原則的に、ETFとは保有原資産が複数にわたるタイプのファンドであり、1度の購入で幅広い市場分野に投資できます。各ETFは持分に分けられ、 それぞれを持分保有者が所有します。所有者には配当や金利などのあらゆる利益、およびファンドが償還される場合は残存価値の獲得資格があります。
取引日の終了時に1度のみ価格が設定されるミューチュアルファンドと違い、ETFは取引時間中、継続的に取引所で取引され、需給に応じて価格が変動します。
ETFは、個別株、債券、コモディティなどの各証券の集まりを1つのファンドにまとめた商品です。
ETFの価格は市場の需要と原資産の価値の両方を反映して、取引時間中に変動し続けます。こうしたリアルタイムでの値動きにより、市場の動きにすばやく反応でき、戦略的な取引と素早いポートフォリオ調整が可能になります。取引時間終了時に1度だけ価格が設定されるミューチュアルファンドと違い、ETFは市場が開いている間、継続的に売買できます。
ETFは普通の株式と同じように、証券取引所で売買されます。ETFの価格は、個別株のように上昇・下落し、取引時間中ずっと売買可能です。これは、取引時間終了時の値付け時に1度だけ取引されるミューチュアルファンドとの重要な相違点です。

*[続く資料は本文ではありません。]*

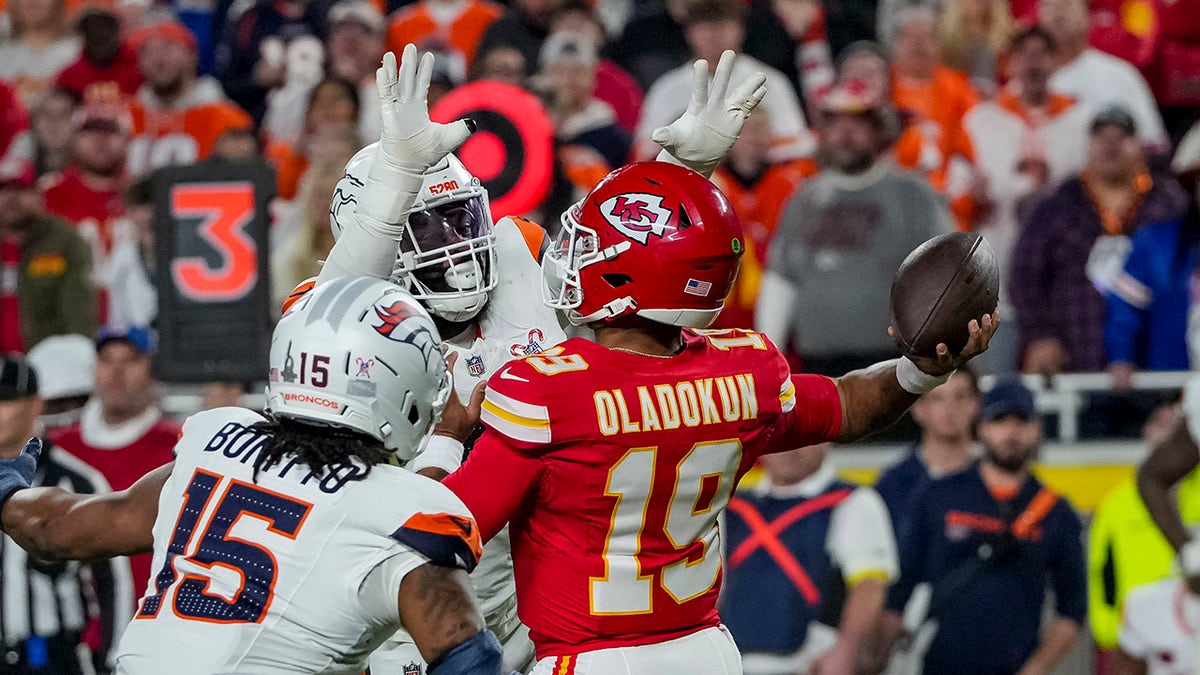 Broncos linebacker rips Chiefs in explicit posts after team clinches AFC West title at george magazine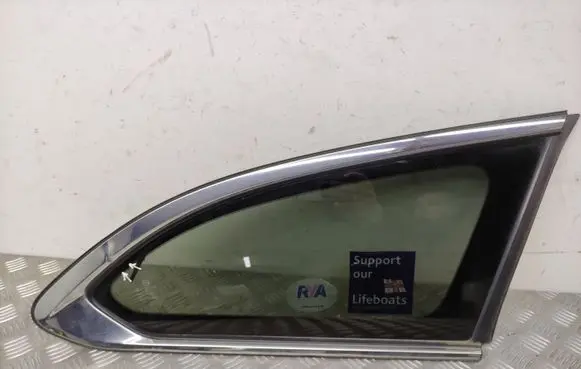 Mazda 6 Rear side window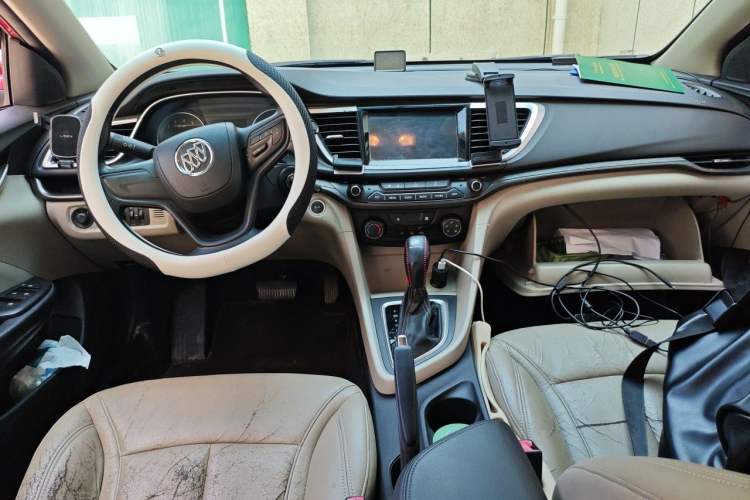 Used Buick GT 2016 15N Automatic Entry-Level Trim Center Console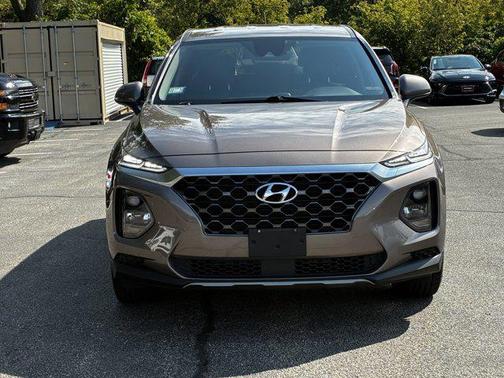 2019 Hyundai SANTA FE SE 2.4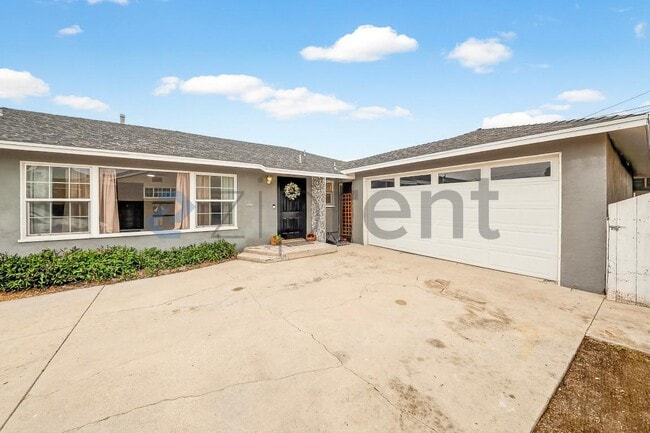 Photo - 6150 Coke Ave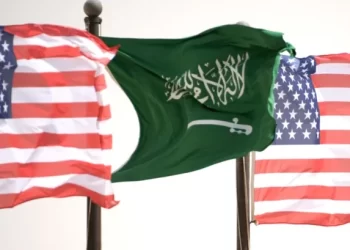 Flags of Saudi Arabia and US waving in the wind (Photo: EPA)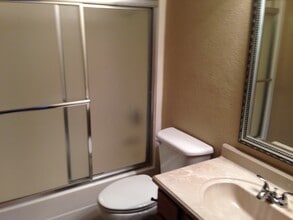 533 S Deveron Dr in Andover, KS - Building Photo - Building Photo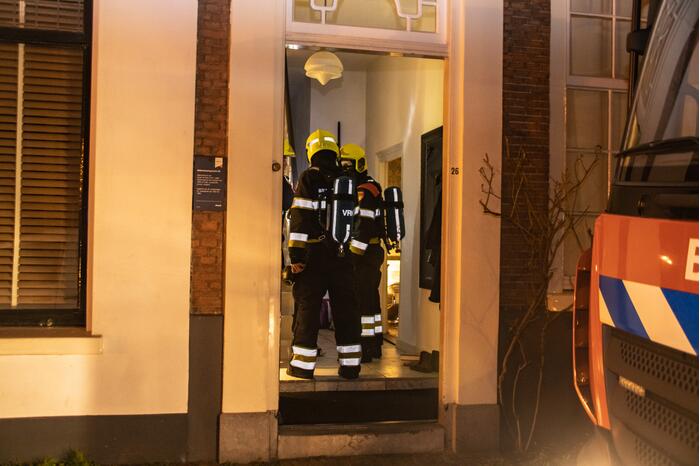 Veel rook door brand in schoorsteenkanaal
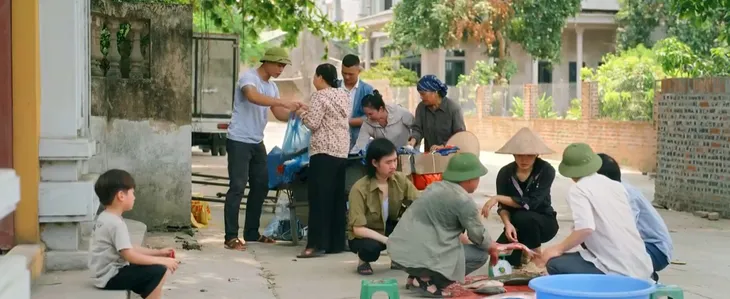 Làng trong phố - Tập 1: Mất ao cá, Mến - Hiếu đau đầu tìm kế sinh nhai - Ảnh 4. Làng trong phố - Tập 1: Mất ao cá, Mến - Hiếu đau đầu tìm kế sinh nhai - Ảnh 4.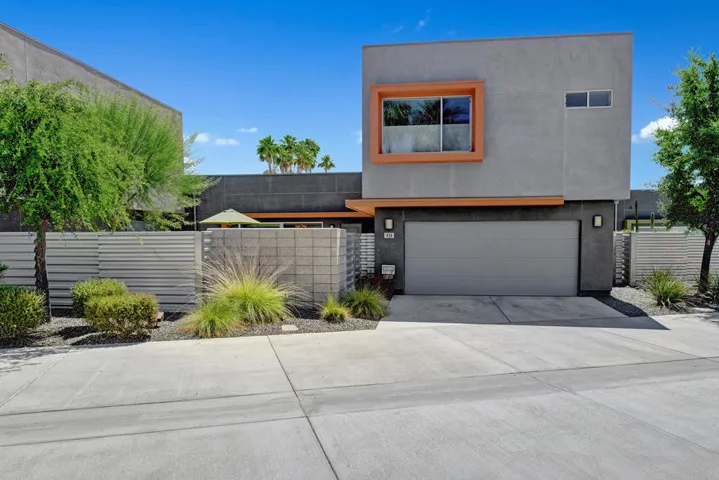 FRONT OF UNIT MLS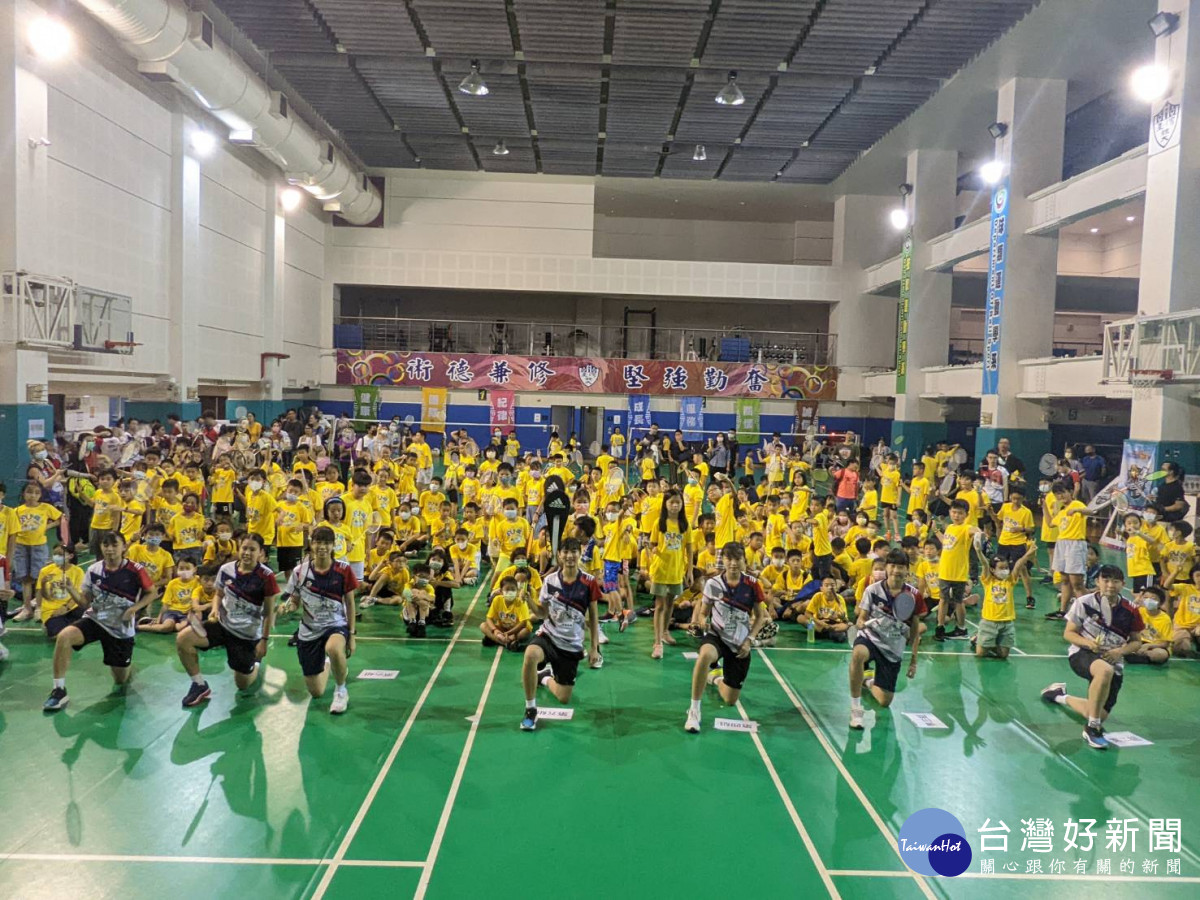 「台電Fun電營」教練群由台電球員組成，並親自下場指導參加營隊的學員。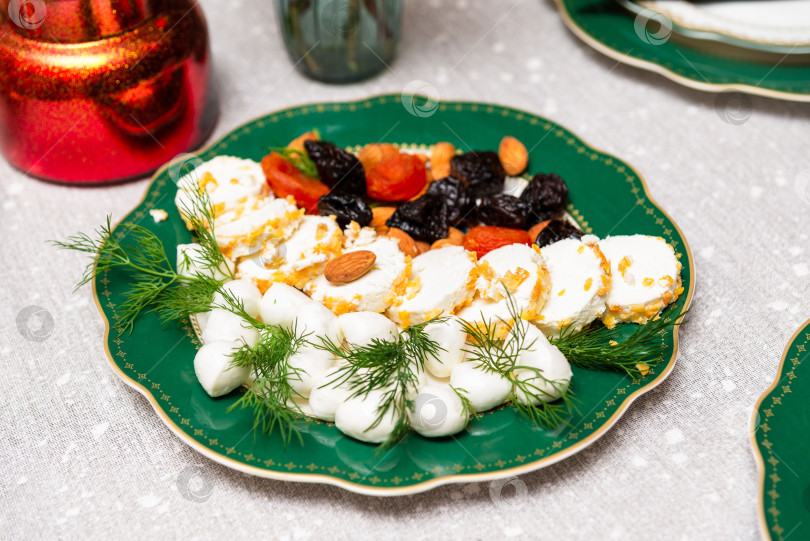 Скачать Праздничное сырное ассорти с сухофруктами и орехами. фотосток Ozero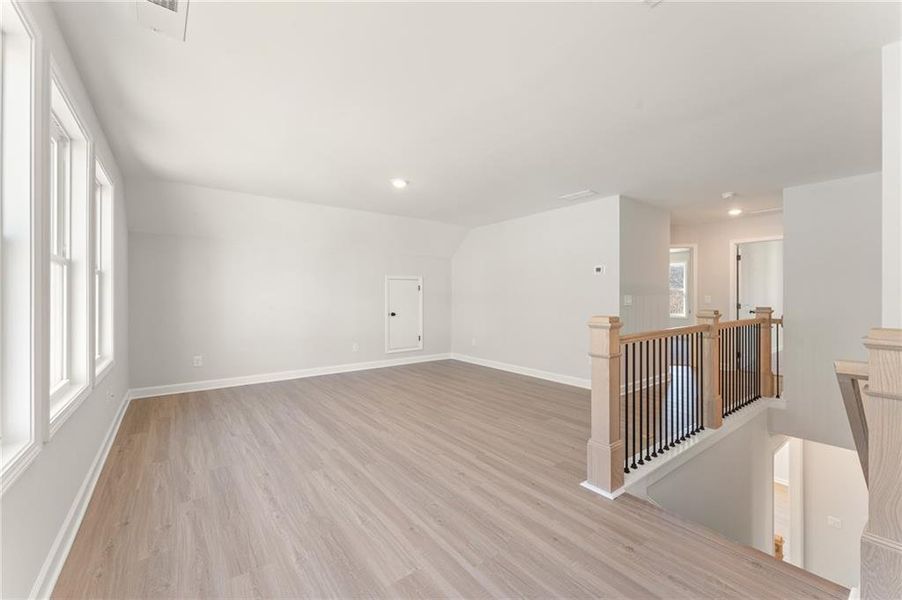 Spacious, unfurnished interior of a new home in Linden Grove, Powder Springs (Image 16).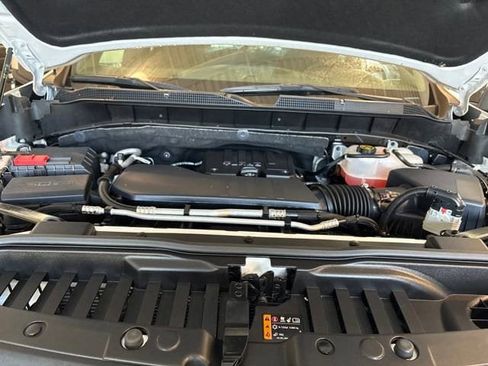 Used 2022 Chevrolet Silverado 1500 LT image 23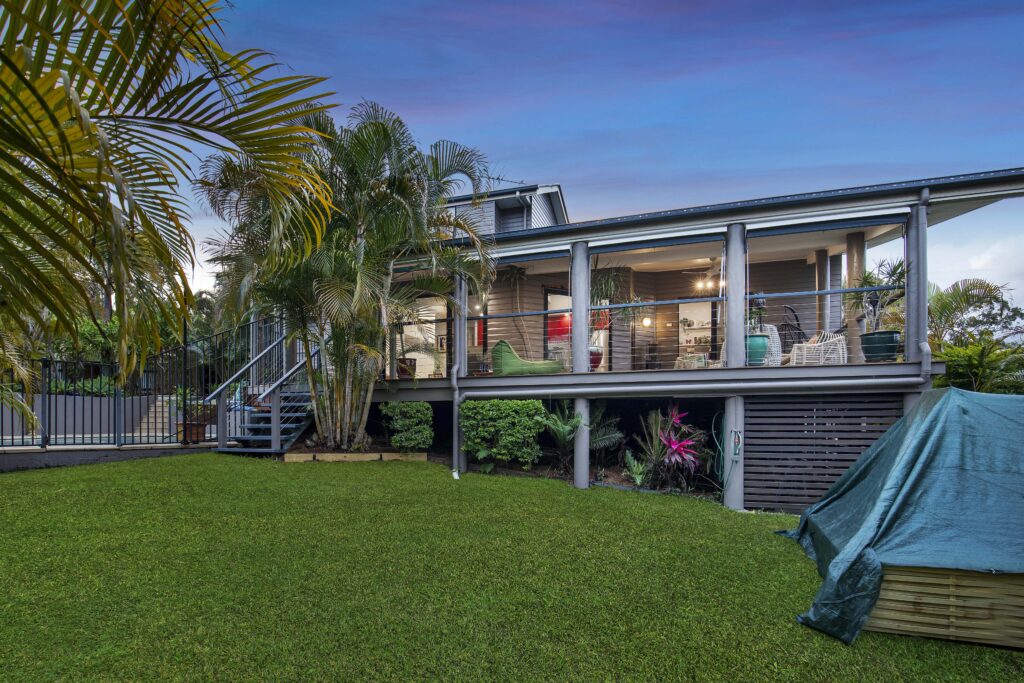 1 Natone Court, Sinnamon Park QLD 4073
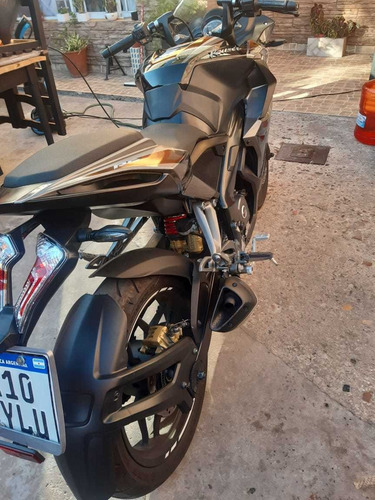 Bajaj Rs 200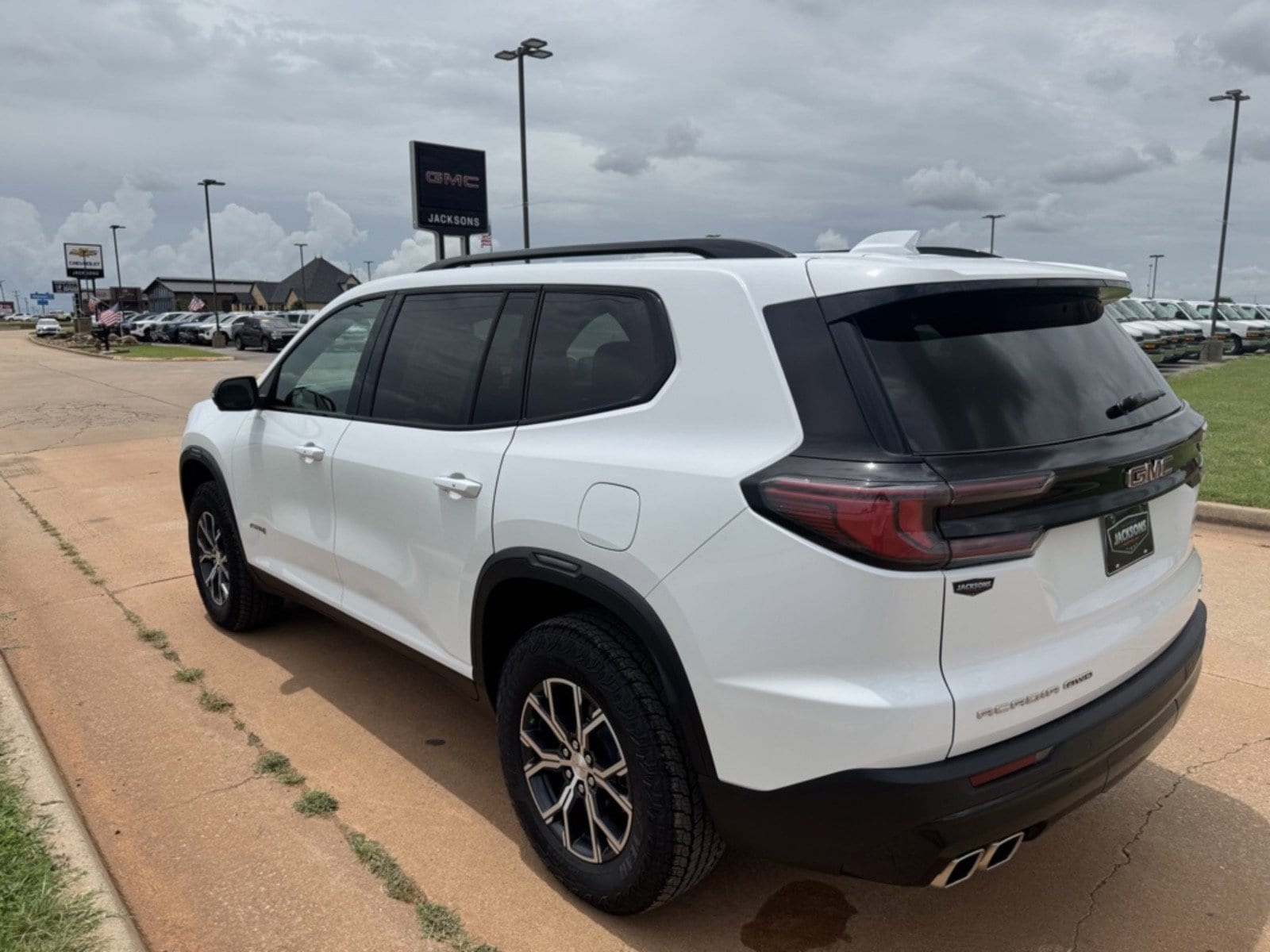 2025 GMC Acadia AT4 - Photo 7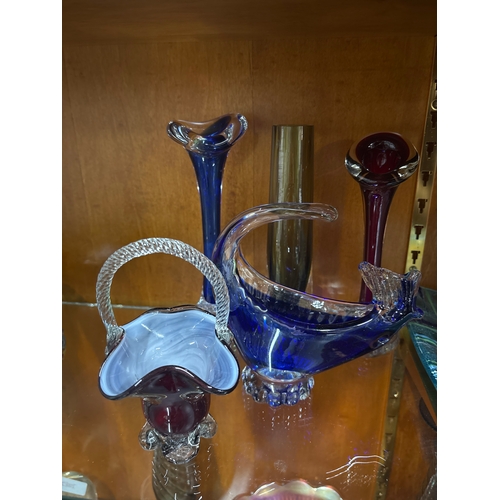 386 - 6 pieces of glass including Murano style basket and Dolphin plate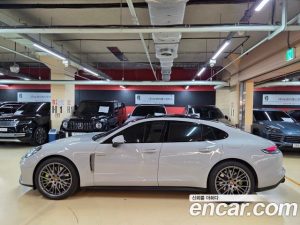 Porsche Panamera 2.9 AWD 2023 года из Южной Кореи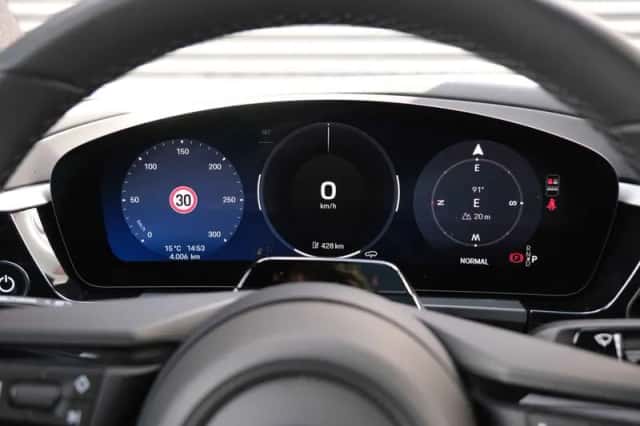 Porsche Macan (2026) thumbnail 30
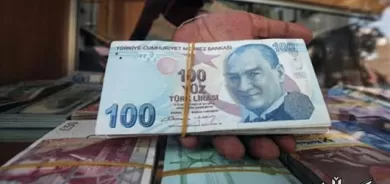 بەھای لیرەی تورکی بەرامبەر دۆلاری ئەمریکی بەردەوامە لە دابەزین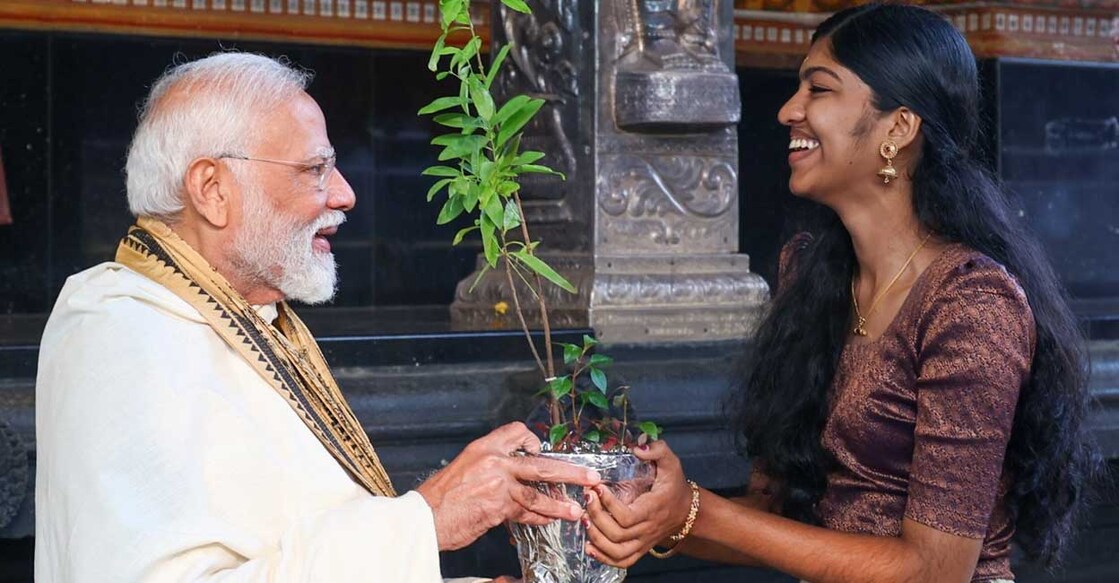 modi-suresh-gopi ജയലക്ഷ്മി പ്രധാനമന്ത്രി നരേന്ദ്രമോദിക്ക് ചെടി നേരിട്ട് കൈമാറുന്നു (Photo: X/ @narendramodi)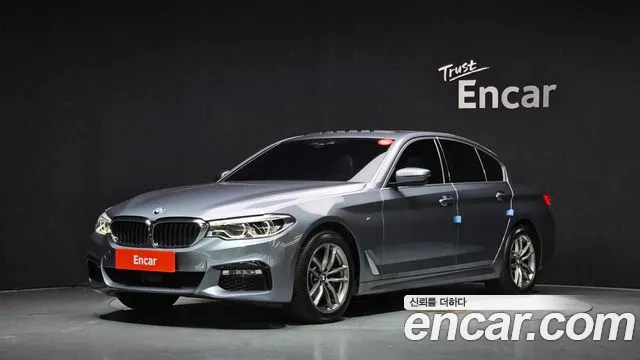 BMW 5-Series 2018 — photo 1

もう1つ重要なミューチュアルファンドとETFの相違点は、ビッド・アスク・スプレッドです。ビッドとは、資産のロング(買い)ポジションを建てるために支払う最高価格です。アスクとは、トレーダーが現時点で資産を売却する際に受け取る最低価格です。
ビッドとアスク(またはオファー)の差を計算した値は「ビッド・アスク・スプレッド」と呼ばれます。より単純に言うと、トレーダーがETFを購入しても構わない最高価格と売却しても構わない最低価格の差です。
ETFには長所が多数あるため、投資の初心者から経験者まで、幅広い層から人気を集めています。
ETFを取引するメリット上位6つは以下の通りです。
ETF最大の長所の1つが投資先を簡単に分散できる点です。1つのETFを購入するだけで、さまざまな業種、地域、資産クラスにわたる幅広い証券に投資できます。このように投資先を分散すると、個別の株式や債券への投資に伴うリスクが軽減されます。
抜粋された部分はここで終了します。